↓
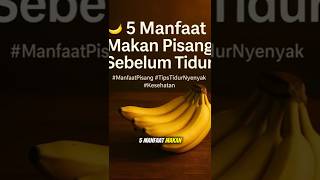 5 Little-Known Benefits of Eating Bananas Before Bed #BenefitsOfBananas #TipsForSleepingWell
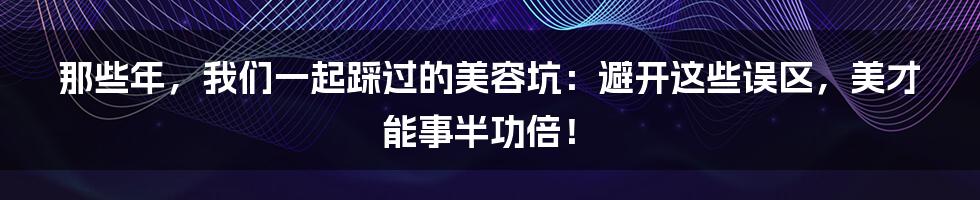 那些年，我们一起踩过的美容坑：避开这些误区，美才能事半功倍！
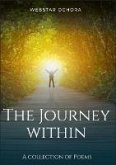 The Journey Within (eBook, ePUB) The Journey Within (eBook, ePUB)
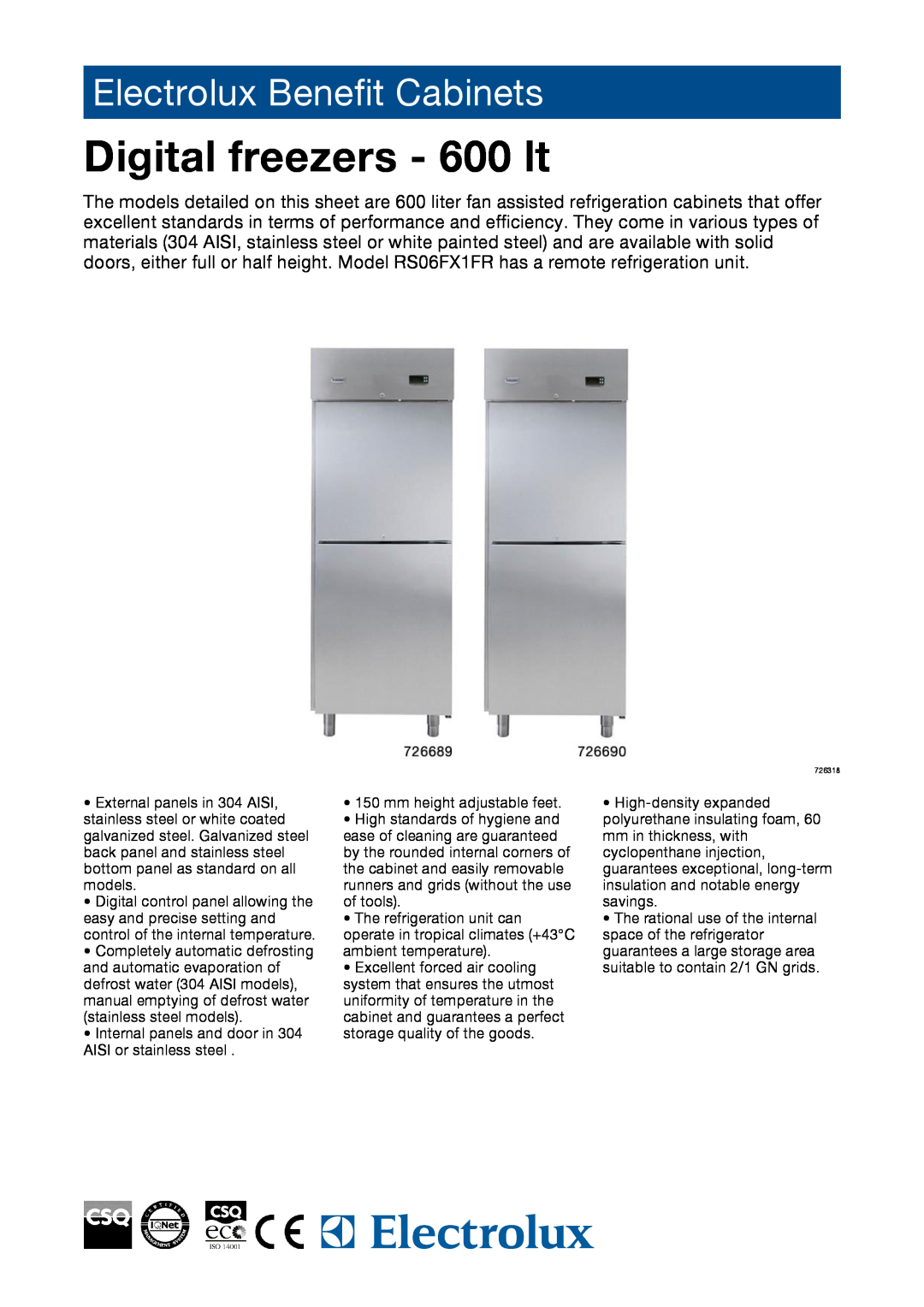 Electrolux RS06F41FS, 726318, RS06FW1F, RS06FX1FR, 727104 manual Digital freezers - 600 lt, Electrolux Benefit Cabinets 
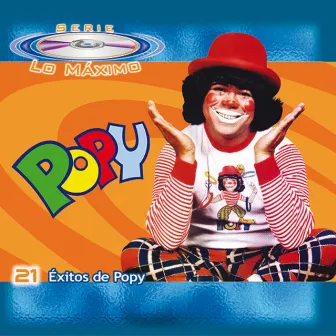 Serie Lo Máximo 21 Éxitos de Popy by Popy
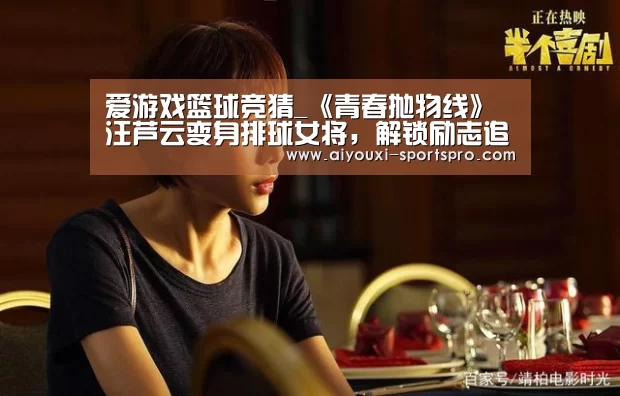 爱游戏篮球竞猜_《青春抛物线》汪芦云变身排球女将,解锁励志追梦之旅(图1) 爱游戏篮球竞猜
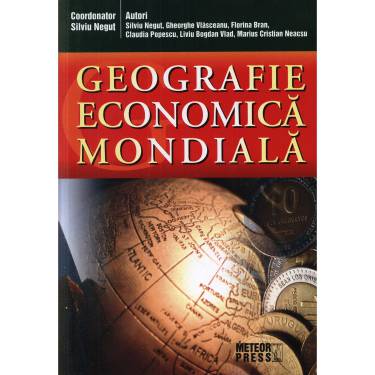 Geografia economica mondiala | Marius Cristian Neacsu - Silviu Negut - Gheorghe Vlasceanu - Liviu Bogdan Vlad - Claudia Popescu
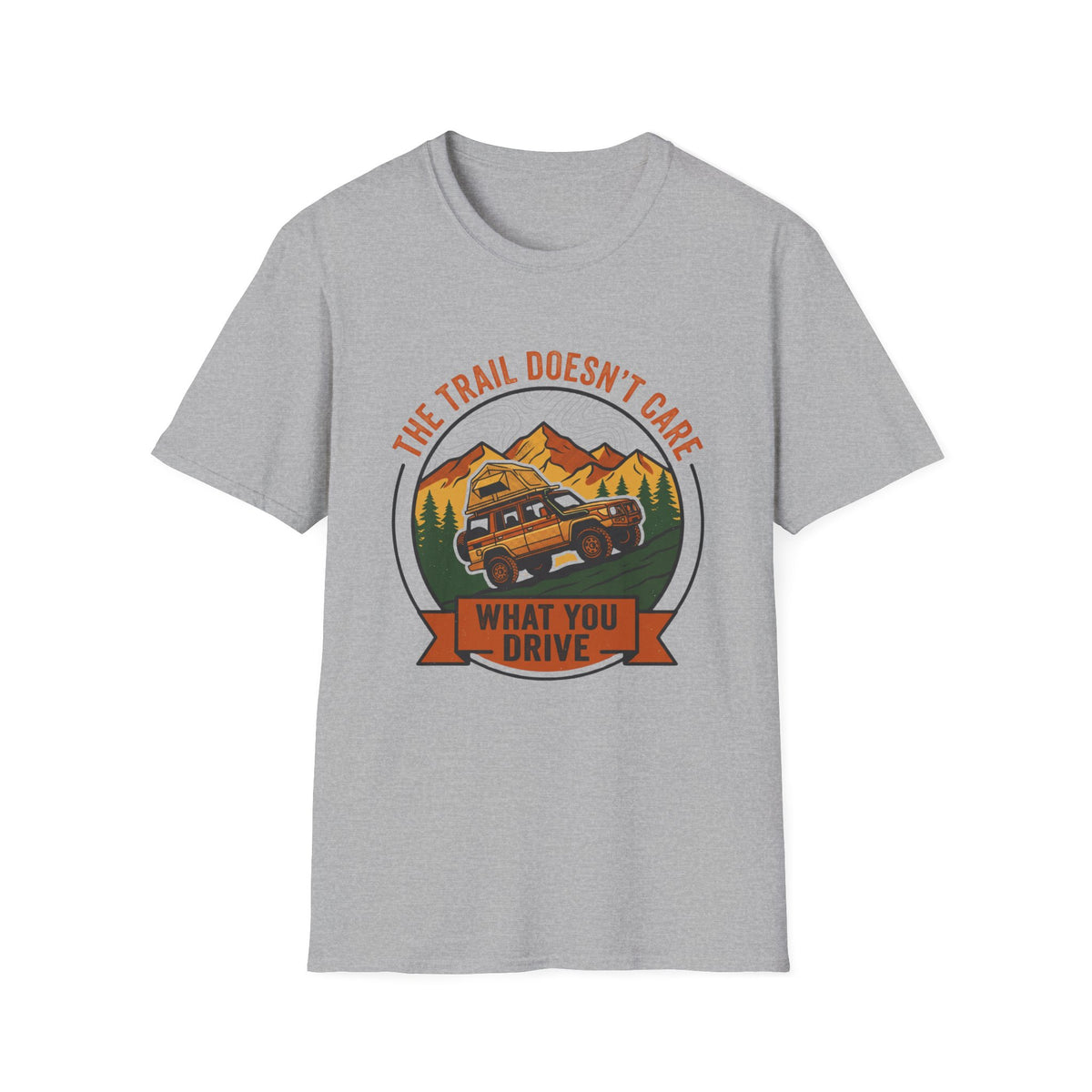 The Trail Doesn't Care What You Drive T-Shirt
↑
- [Task]: Please transcribe, word for word, every line from the one containing "Electrolux RS06F41FS, 726318, RS06FW1F, RS06FX1FR, 727104" through the last line of the records, both included, and leave the pictures out.

- [Answer to this problem]:
 Electrolux RS06F41FS, 726318, RS06FW1F, RS06FX1FR, 727104 manual Digital freezers - 600 lt, Electrolux Benefit Cabinets 
 Serie Lo Máximo 21 Éxitos de Popy by Popy
 爱游戏篮球竞猜_《青春抛物线》汪芦云变身排球女将,解锁励志追梦之旅(图1) 爱游戏篮球竞猜
 Geografia economica mondiala | Marius Cristian Neacsu - Silviu Negut - Gheorghe Vlasceanu - Liviu Bogdan Vlad - Claudia Popescu
 The Trail Doesn't Care What You Drive T-Shirt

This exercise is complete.